Den „Extremismus“ gibt es nicht. Extremismus ist sozusagen ein Konstrukt, eine Erfindung und noch dazu vom Verfassungsschutz. In dem willkürlich irgendwelche Extreme an einem Halbkreis gedachten als extremistisch angesehen werden. Das weitere Problem ist, dass es vom Verfassungsschutz dekretiert worden ist und von informellen Mitarbeitern des Verfassungsschutzes wie die Kollegen Backes und Jesse, ein sehr merkwürdiges Verständnis von Wissenschaft, der Wissenschaft aufgedrückt worden ist. Und nicht nur das, der Extremismus Begriff ist auch kein Rechtsbegriff, das heißt, er taucht in keinem Gesetz, auch nicht im Grundgesetz auf. Das heißt, man kann auch deshalb nicht bestraft oder belangt werden. Dennoch untersuchte der Verfassungsschutz Personen und Parteien und teilt sie in extremistische Parteien ein, labelt sie gewissermaßen und das kann große Nachteile haben. Es ist verfassungsmäßig sehr problematisch, rechtswidrig, und man muss die Frage stellen, wer schützt die Verfassung vor dem Verfassungsschutz.

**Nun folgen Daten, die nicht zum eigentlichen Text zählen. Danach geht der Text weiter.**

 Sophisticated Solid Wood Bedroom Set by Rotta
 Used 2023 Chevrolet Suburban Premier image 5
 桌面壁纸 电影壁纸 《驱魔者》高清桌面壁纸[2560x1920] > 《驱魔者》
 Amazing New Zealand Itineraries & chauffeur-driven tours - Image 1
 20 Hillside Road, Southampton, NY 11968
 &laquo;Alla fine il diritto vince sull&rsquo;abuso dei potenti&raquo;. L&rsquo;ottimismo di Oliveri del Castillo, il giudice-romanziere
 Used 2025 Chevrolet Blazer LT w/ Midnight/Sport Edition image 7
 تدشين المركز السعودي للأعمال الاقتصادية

Extremismus ist der Gegenbegriff zur Demokratie und wir beobachten, um die Gefährdung der Demokratie zu erfassen. Der Begriff Extremismus“ bringt für die Analyse der Demokratie nichts. Der Begriff Extremismus wird leider von den Behörden verwendet und gleichzeitig wird er auch in der wissenschaftlichen Diskussion verwendet. Der Begriff wird natürlich auch polemisch verwendet; gleichzeitig wird er auch in der Öffentlichkeit als analytisches Konzept verwendet. Die Gemeinsamkeit des Begriffes liegt in der Bedrohung der Demokratie.

Warum ist das Extremismus Konzept so all gegenwärtig?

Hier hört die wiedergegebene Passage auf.